Project: http://git-wip-us.apache.org/repos/asf/spark/repo
Commit: http://git-wip-us.apache.org/repos/asf/spark/commit/0efd691d
Tree: http://git-wip-us.apache.org/repos/asf/spark/tree/0efd691d
Diff: http://git-wip-us.apache.org/repos/asf/spark/diff/0efd691d

Branch: refs/heads/branch-1.1
Commit: 0efd691d983e6a1fa8b3a95ed1c03408febf679d
Parents: 991748d
Author: Andrew Or <andrew@databricks.com>
Authored: Tue Dec 16 22:11:03 2014 -0800
Committer: Andrew Or <andrew@databricks.com>
Committed: Tue Dec 16 22:15:56 2014 -0800

----------------------------------------------------------------------
 .gitignore                                   |  2 +-
 .rat-excludes                                |  2 ++
 dev/create-release/generate-contributors.py  |  8 +++---
 dev/create-release/translate-contributors.py | 34 ++++++++++++++++-------
 4 files changed, 31 insertions(+), 15 deletions(-)
----------------------------------------------------------------------


http://git-wip-us.apache.org/repos/asf/spark/blob/0efd691d/.gitignore
----------------------------------------------------------------------
diff --git a/.gitignore b/.gitignore
index ed79250..bb3209e 100644
--- a/.gitignore
+++ b/.gitignore
@@ -47,7 +47,7 @@ checkpoint
 derby.log
 dist/
 dev/create-release/*txt
-dev/create-release/*new
+dev/create-release/*final
 spark-*-bin-*.tgz
 unit-tests.log
 /lib/

http://git-wip-us.apache.org/repos/asf/spark/blob/0efd691d/.rat-excludes
----------------------------------------------------------------------
diff --git a/.rat-excludes b/.rat-excludes
index eaefef1..32f2c4b 100644
--- a/.rat-excludes
+++ b/.rat-excludes
@@ -57,3 +57,5 @@ dist/*
 .*iws
 logs
 .*scalastyle-output.xml
+.*dependency-reduced-pom.xml
+dev/create-release/known_translations

http://git-wip-us.apache.org/repos/asf/spark/blob/0efd691d/dev/create-release/generate-contributors.py
----------------------------------------------------------------------
diff --git a/dev/create-release/generate-contributors.py b/dev/create-release/generate-contributors.py
index e65c5d8..8aaa250 100755
--- a/dev/create-release/generate-contributors.py
+++ b/dev/create-release/generate-contributors.py
@@ -192,9 +192,9 @@ for commit in filtered_commits:
 print "==================================================================================\n"
 
 # Write to contributors file ordered by author names
-# Each line takes the format "Author name - semi-colon delimited contributions"
-# e.g.

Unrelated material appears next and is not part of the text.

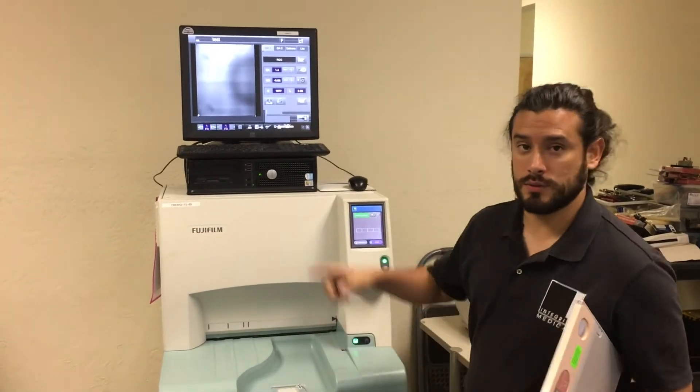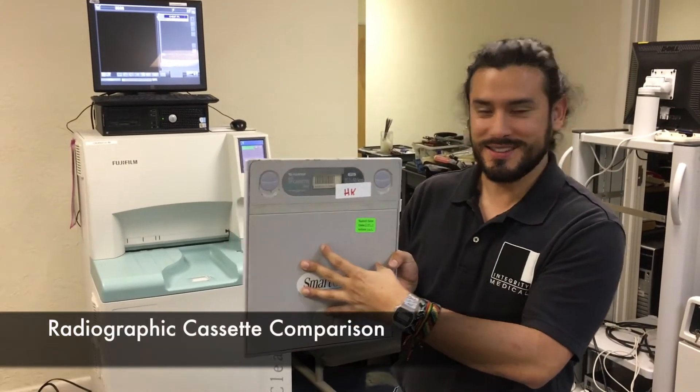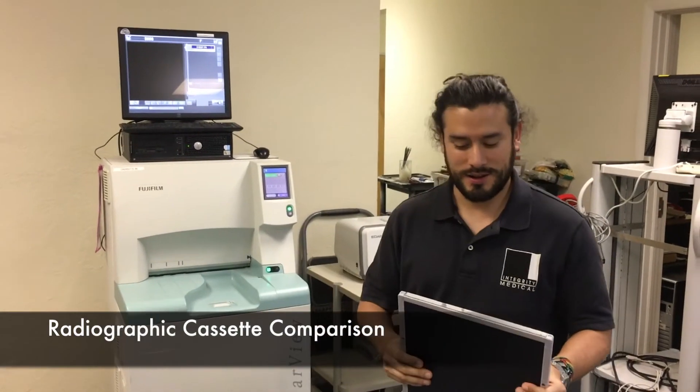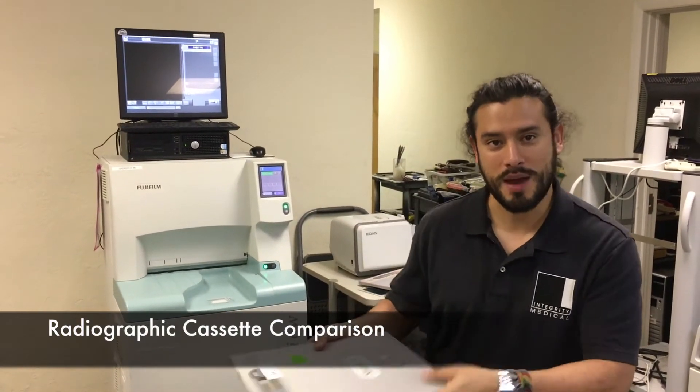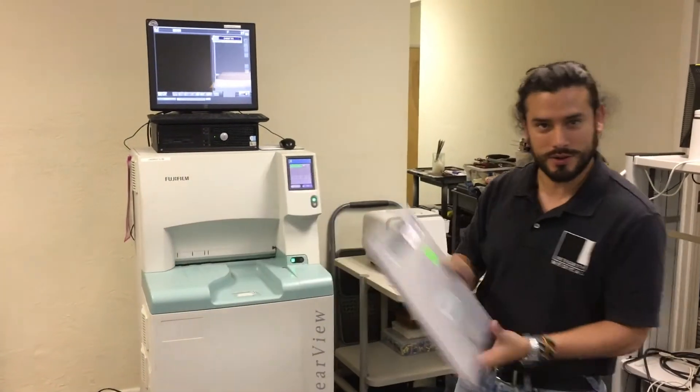Now we're going to do the radiographic view. We're going to use a radiographic cassette, same unit. You can see the difference — it will take mammo, you just saw that, and now you will see how you can use a radiographic cassette.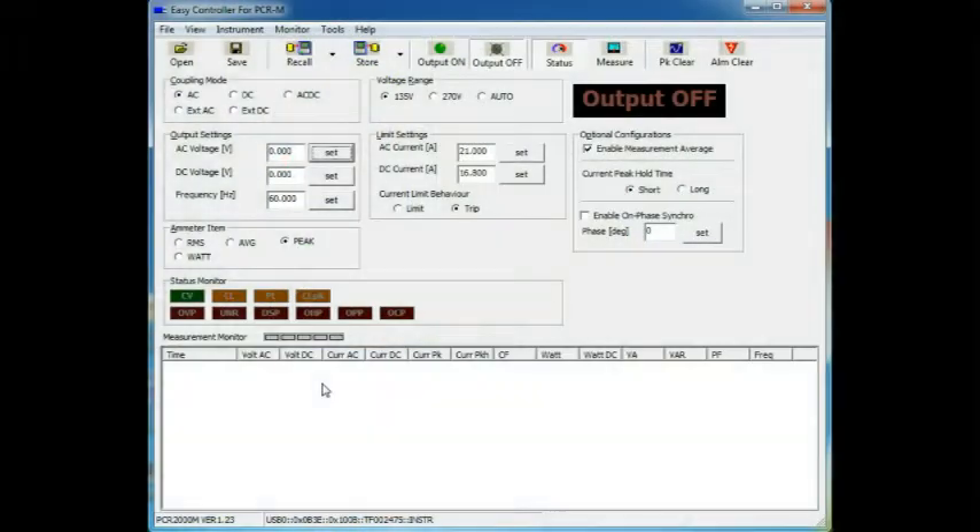So now we're going to use the manufacturer's software to do the same procedure. We need to set the unit to high voltage range, 270 volts maximum. We want to drive our unit at the same voltage as last time, 230. Frequency — we're in the UK, 50 hertz. All these are okay. We want to hold the setting for a long time. We want to enable the on-phase start. I think 90 degrees we decided was a good point to get the maximum inrush current. Now I think we're all ready to go.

Andrew Or - Bug fixes in Windows, Core, and Web UI; improvements in Core
-# e.g. Tathagata Das - Bug fixes and new features in Streaming
+# Each line takes the format " * Author name -- semi-colon delimited contributions"
+# e.g. * Andrew Or -- Bug fixes in Windows, Core, and Web UI; improvements in Core
+# e.g. * Tathagata Das -- Bug fixes and new features in Streaming
 contributors_file = open(contributors_file_name, "w")
 authors = author_info.keys()
 authors.sort()
@@ -223,7 +223,7 @@ for author in authors:
     # E.g. andrewor14/SPARK-3425/SPARK-1157/SPARK-6672
     if author in invalid_authors and invalid_authors[author]:
         author = author + "/" + "/".join(invalid_authors[author])
-    line = "%s - %s" % (author, contribution)
+    line = " * %s -- %s" % (author, contribution)
     contributors_file.write(line + "\n")
 contributors_file.close()
 print "Contributors list is successfully written to %s!" % contributors_file_name

http://git-wip-us.apache.org/repos/asf/spark/blob/0efd691d/dev/create-release/translate-contributors.py
----------------------------------------------------------------------
diff --git a/dev/create-release/translate-contributors.py b/dev/create-release/translate-contributors.py
index f3b1efd..86fa02d 100755
--- a/dev/create-release/translate-contributors.py
+++ b/dev/create-release/translate-contributors.py
@@ -43,14 +43,12 @@ if not JIRA_USERNAME or not JIRA_PASSWORD:
 if not GITHUB_API_TOKEN:
     sys.exit("GITHUB_API_TOKEN must be set")
 
-# Write new contributors list to <old_file_name>.new
+# Write new contributors list to <old_file_name>.final
 if not os.path.isfile(contributors_file_name):
     print "Contributors file %s does not exist!" % contributors_file_name
     print "Have you run ./generate-contributors.py yet?"
     sys.exit(1)
 contributors_file = open(contributors_file_name, "r")
-new_contributors_file_name = contributors_file_name + ".new"
-new_contributors_file = open(new_contributors_file_name, "w")
 warnings = []
 
 # In non-interactive mode, this script will choose the first replacement that is valid
@@ -73,7 +71,7 @@ known_translations_file_name = "known_translations"
 known_translations_file = open(known_translations_file_name, "r")
 for line in known_translations_file:
     if line.startswith("#"): continue
-    [old_name, new_name] = line.split(" - ")
+    [old_name, new_name] = line.strip("\n").split(" - ")
     known_translations[old_name] = new_name
 known_translations_file.close()
 
@@ -147,16 +145,16 @@ def generate_candidates(author, issues):
 # If no such name exists, the original name is used (without the JIRA numbers).
 print "\n========================== Translating contributor list =========================="
 lines = contributors_file.readlines()
+contributions = []
 for i, line in enumerate(lines):
-    temp_author = line.split(" - ")[0]
+    temp_author = line.strip(" * ").split(" -- ")[0]
     print "Processing author %s (%d/%d)" % (temp_author, i + 1, len(lines))
     if not temp_author:
-        error_msg = "    ERROR: Expected the following format <author> - <contributions>\n"
+        error_msg = "    ERROR: Expected the following format \" * <author> -- <contributions>\"\n"
         error_msg += "    ERROR: Actual = %s" % line
         print error_msg
         warnings.append(error_msg)
-        new_contributors_file.write(line)
-        new_contributors_file.flush()
+        contributions.append(line)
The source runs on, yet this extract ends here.